▶ [Exercise instructions]:
Keeping every word the same, give again only the lines from the one with "Eaton BRD2152115, 15A, 120/240V, Quad" through the end of the data, both included, and leave every picture out.

▶ [Available records]:
= Beginning of Section =

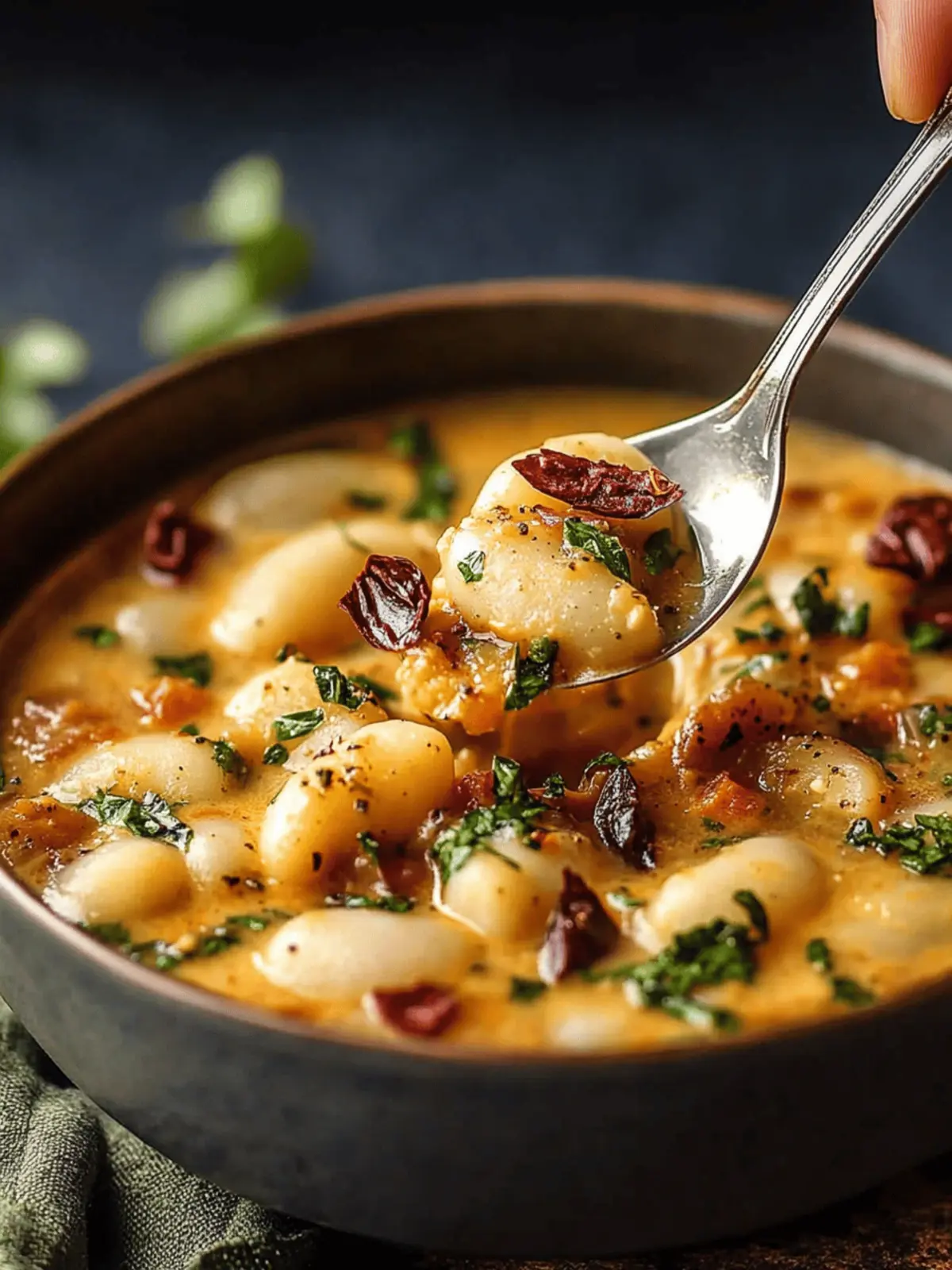 Cremige Tomaten- und Bohnenpfanne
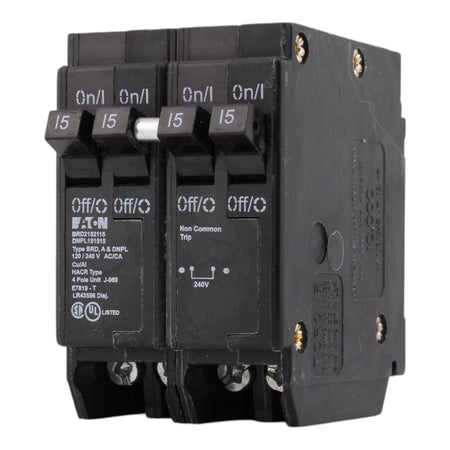 Eaton BRD2152115, 15A, 120/240V, Quad Circuit Breaker, 2 1-Pole, 1 2-Pole, Plug-In, for Eaton, Bryant, Westinghouse Panels - Image 3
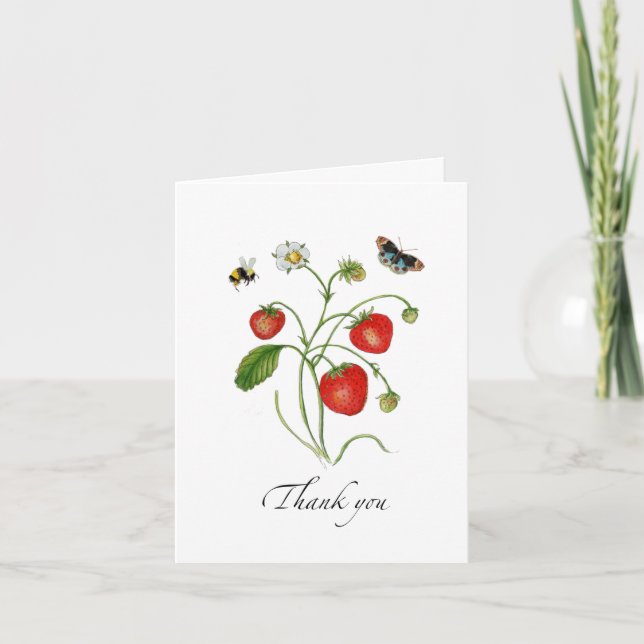 Remerciements Carte de remerciement pliée à l'aquarelle fraise (Devant)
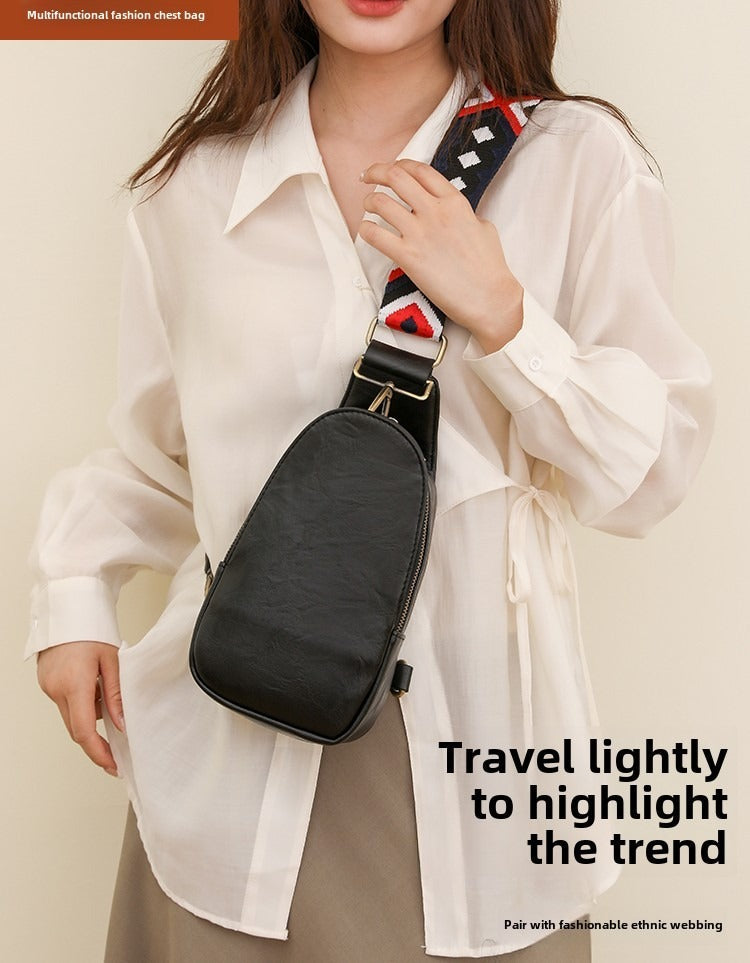Pu Leather Women Chest Sling Bag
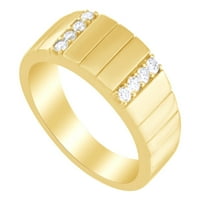 0. CT bijeli prirodni dijamantni prsten u 14k žutom zlatu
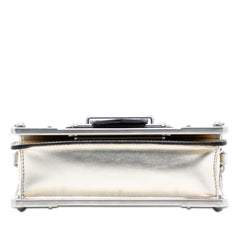 Prada Saffiano Trimmed Metallic Vitello Cahier Bag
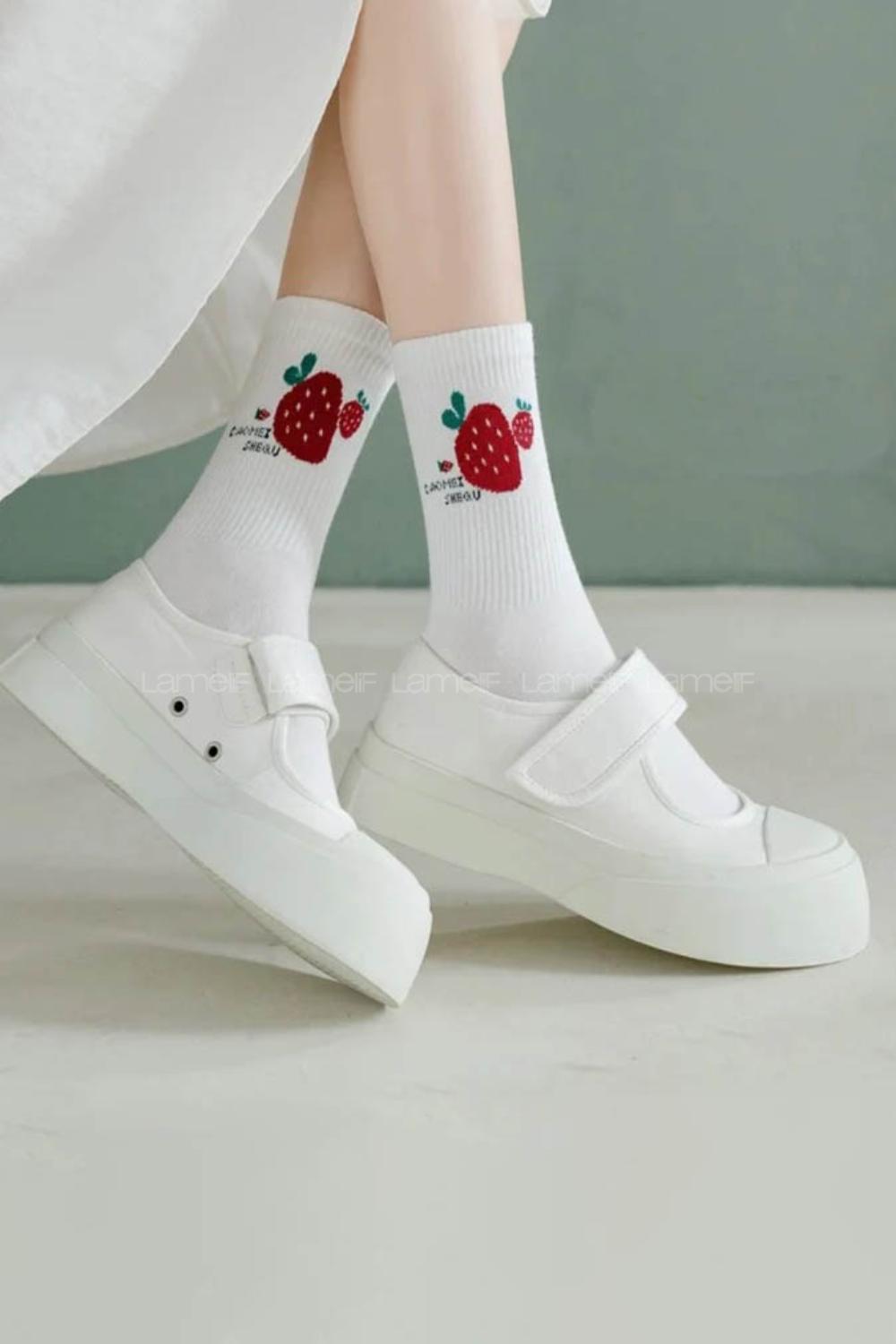 Lamelif 5li Çilek Kolej Çorap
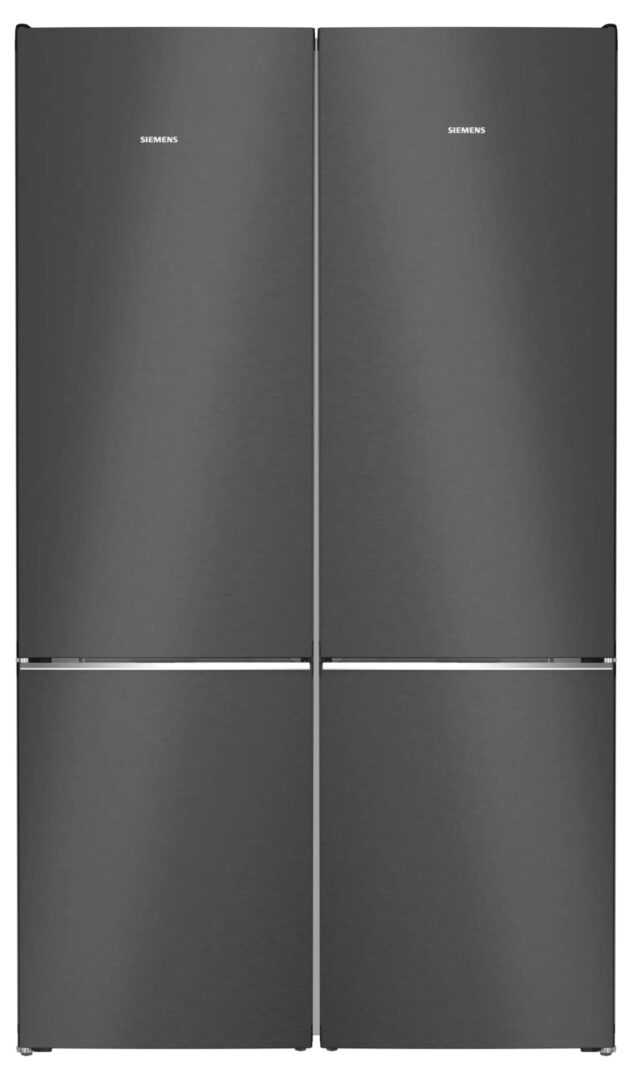 מקרר עם מקפיא תחתון 120 ס"מ זכוכית שחורה SIEMENS דגם: KG39NSBBF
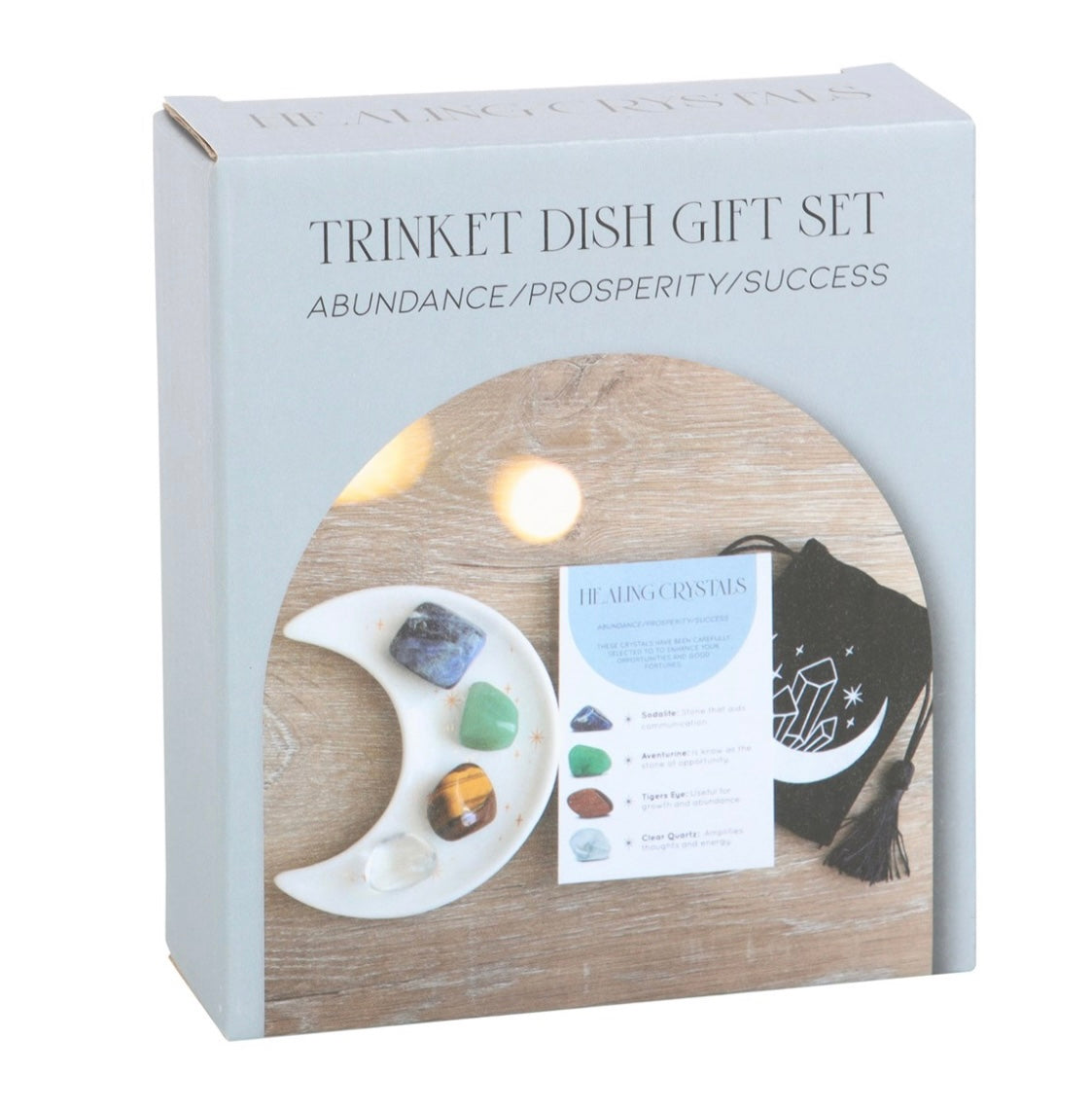 Success Crystal healing set with Moon Trinket dish.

= End of Section =

▶ [Response to the task]:
 Eaton BRD2152115, 15A, 120/240V, Quad Circuit Breaker, 2 1-Pole, 1 2-Pole, Plug-In, for Eaton, Bryant, Westinghouse Panels - Image 3
 Remerciements Carte de remerciement pliée à l'aquarelle fraise (Devant)
Pu Leather Women Chest Sling Bag
 0. CT bijeli prirodni dijamantni prsten u 14k žutom zlatu
 Prada Saffiano Trimmed Metallic Vitello Cahier Bag
 Lamelif 5li Çilek Kolej Çorap
 מקרר עם מקפיא תחתון 120 ס"מ זכוכית שחורה SIEMENS דגם: KG39NSBBF
 Success Crystal healing set with Moon Trinket dish.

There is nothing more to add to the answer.